A month has passed since the existence of the OpenSSL Heartbleed bug has been shared with the public.
Given that this open-source implementation of the SSL and TLS protocols is used in many operating system and apps, not to mention being the default encryption engine for popular Web server software, it’s a given that fixing this mess will take some time.
Rob Graham of Errata Security has decided to check the current situation. His initial scan of Internet IPv4 addresses (only on port 443), made almost immediately after the discovery of the bug, unearthed over 600,000 vulnerable systems. The latest scan he performed in these last few days shows around 300,000 affected systems.
He noted, though, that this time around he found around 6 million less systems supporting SSL.
“I suspect the reason is that this time, people detected my Heartbleed ‘attacks’ and automatically firewalled me before the scan completed.

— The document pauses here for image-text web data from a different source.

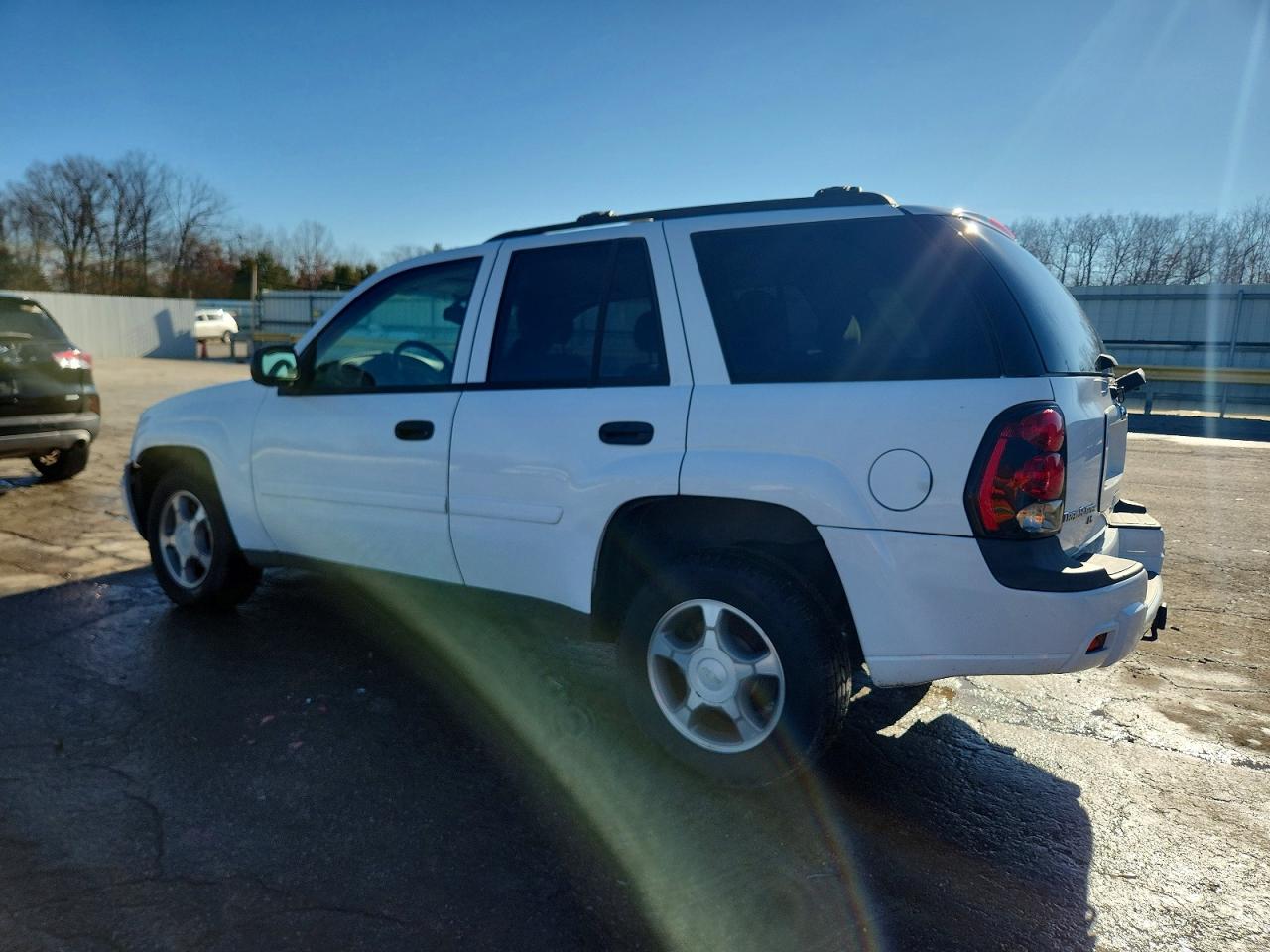 2008 CHEVROLET TRAILBLAZER LS photo 2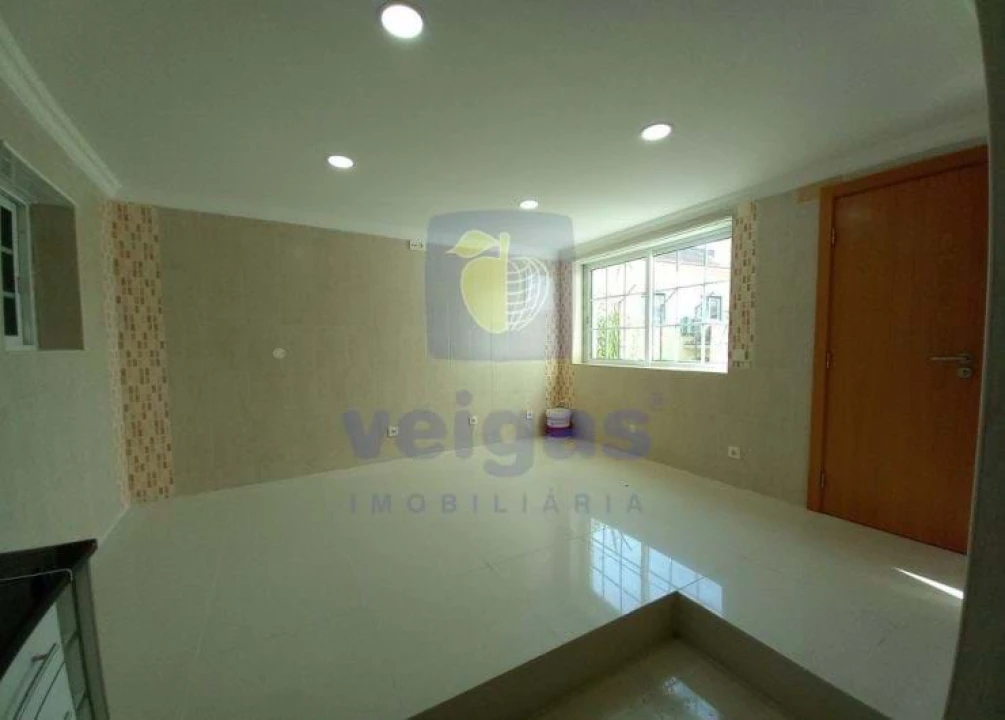 Moradia T3 para Venda em Carcavelos e Parede Foto 11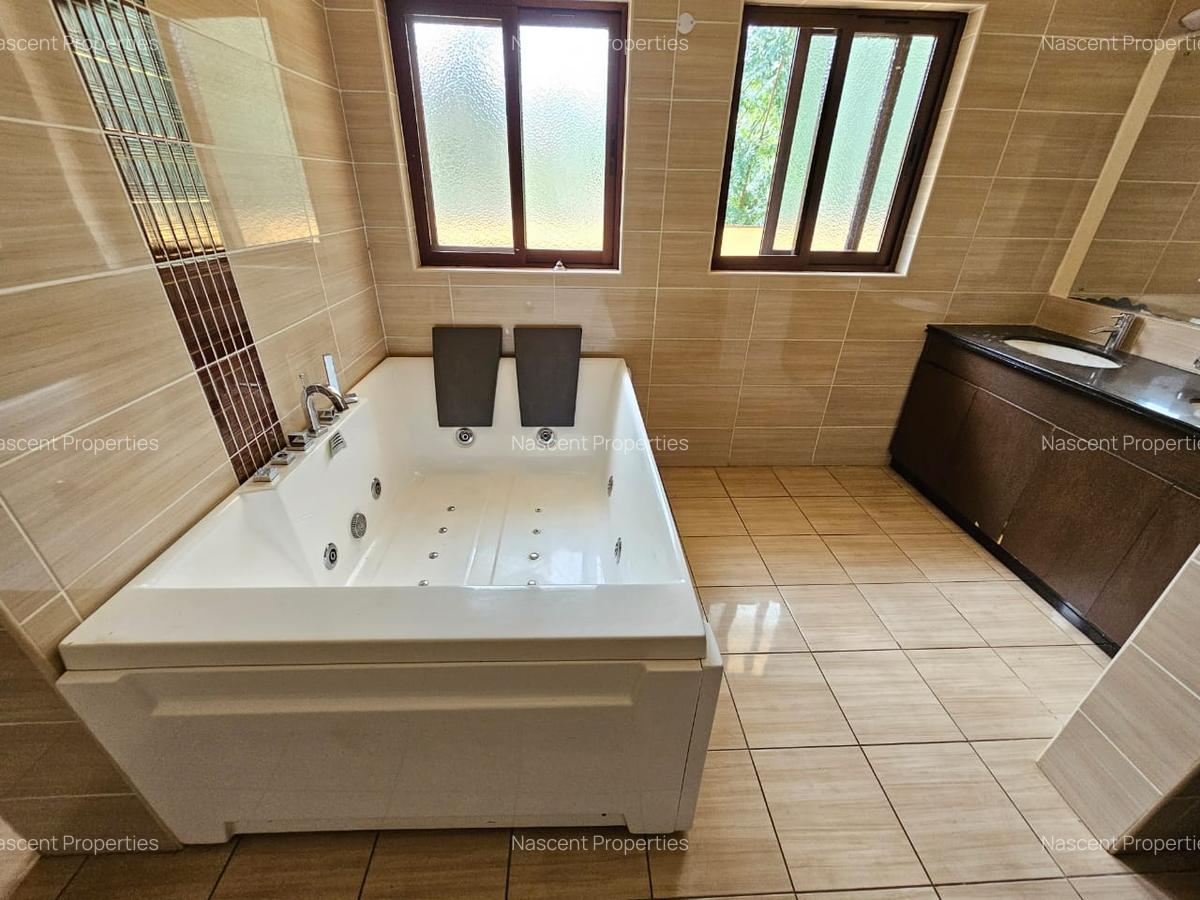 3 Bed Apartment with En Suite in Riverside - 6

Or, another problem is that I may have more traffic congestion at my ISP, which would reduce numbers,” he hypothesized.
Opera Software developer Yngve Pettersen has also been tracking the patching of the Heartbleed issue.
To do it, he uses a tool dubbed TLS Prober, which “currently scans a set of about 500 000 separate servers, using variations of host names in various domains (in total 23 million), with a selection bias towards Alexa Top million sites.”

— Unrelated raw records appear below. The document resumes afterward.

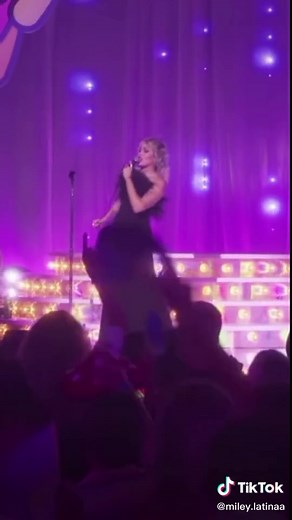 Miley Cyrus: Una Noche Icónica en Lollapalooza Argentina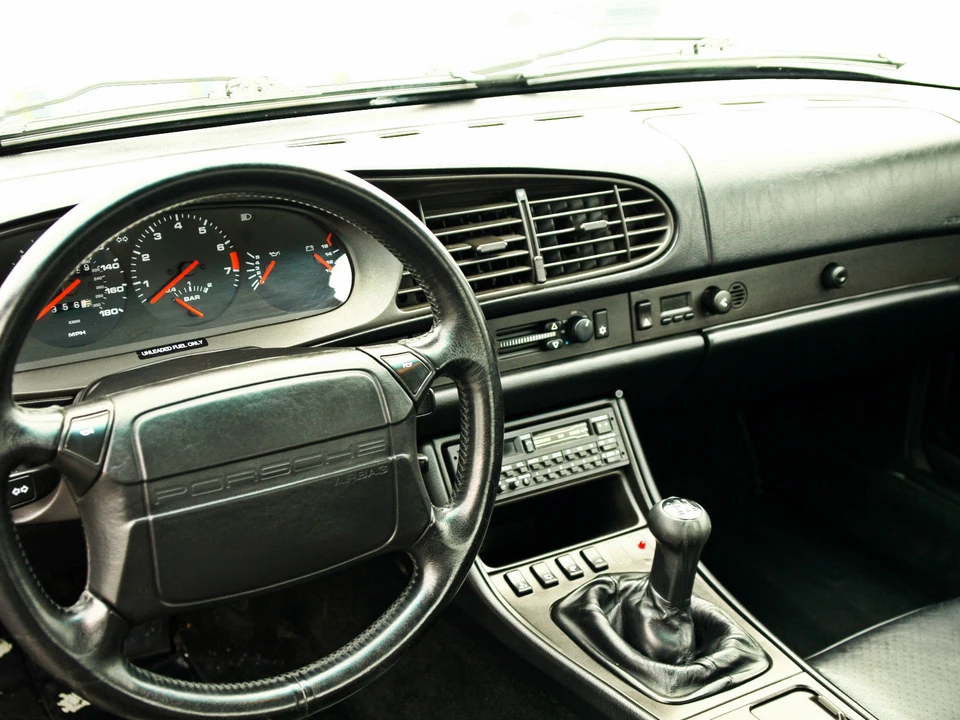 1988 Porsche 944 Turbo - Image 23 of 31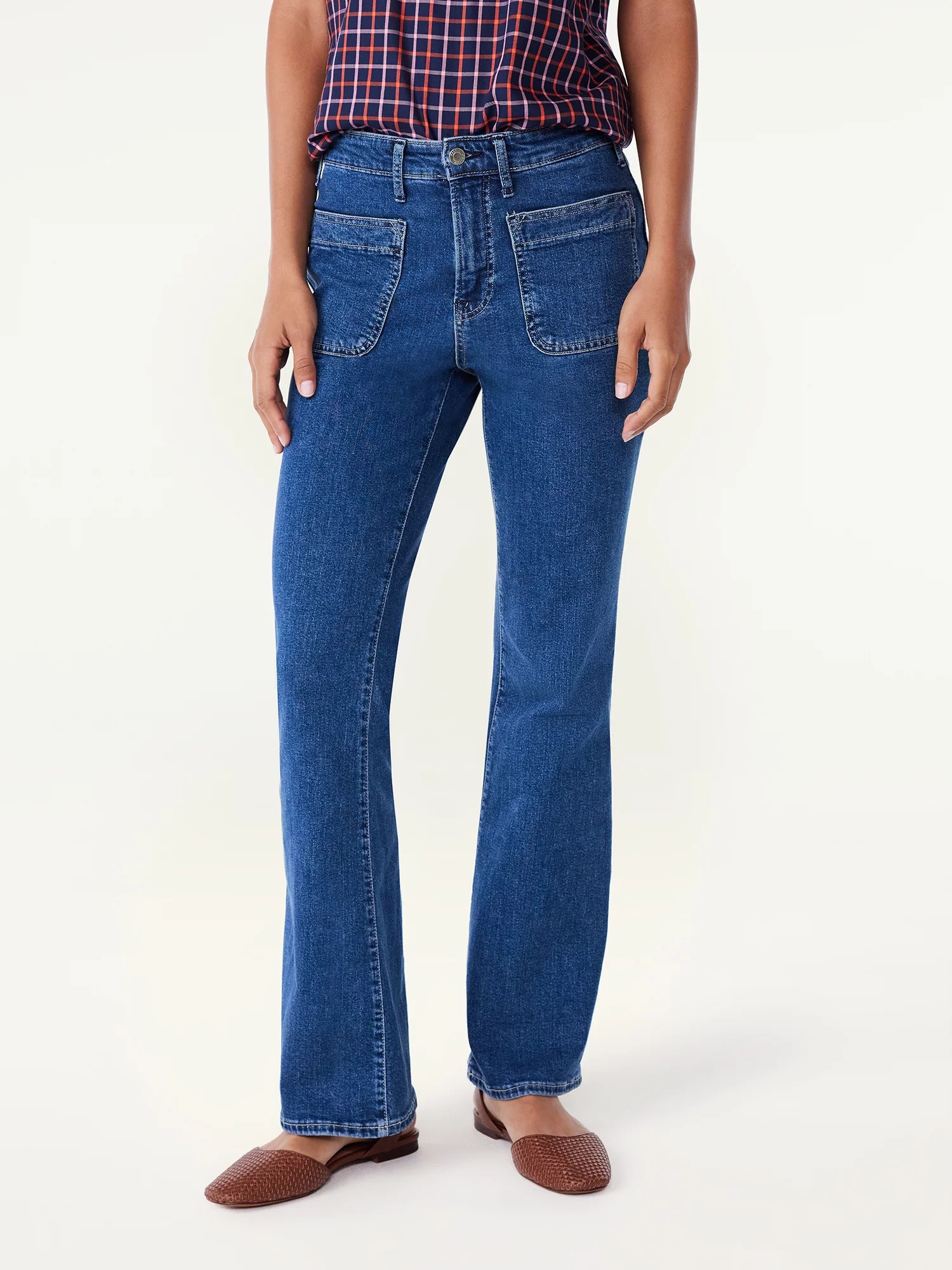 Free Assembly Women's 70's Patch Pocket Flare Jean, 30” Inseam, Sizes 0-18 | Walmart (US)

He started scanning a few days after the revelation of the existence of the bug, and has noted that the number of vulnerable servers have trended sharply downward – that is, until two weeks ago.
After analyzing the results, he concluded that “The reason the absolute number of vulnerable BigIP servers has been holding steady is that the number of BigIP servers including those using OpenSSL 1.0.1 (which supports Heartbeat) has doubled in the past month (after a slow decline over the past two years), and that many of the new servers using the OpenSSL mode were using a vulnerable version.”
He also noted that the in his most recent scan, 20% of the currently vulnerable servers (as distinguished by IP addresses), and 32% of the vulnerable BigIP servers, were actually not vulnerable when scanned before.
While he admits that the numbers might not be entirely correct due to the fact that some of these servers have not stayed on the same IP address, but also pointed out that the media frenzy following the discovery of the bug might have made some sysadmins believe that their systems were affected.
“This, perhaps combined with administrative pressure and a need to ‘do something’, led them to upgrade an unaffected server to a newer, but still buggy version of the system, perhaps because the system variant had not yet been officially patched,” he assumes.
Update: Thursday, 15 May 2014. – The researcher comments: “After closer investigation together with F5, it seems that, due to an issue with the network connection of the prober the test used to detect F5 BigIP server showed higher numbers than it should have, and the numbers of such servers therefore got very inflated for the scans that were run in the past month. This means that the BigIP related information and conclusions are not correct, and I have therefore moved down and struck out the section regarding BigIP servers. My apologies to F5 and their customers for this mistake.”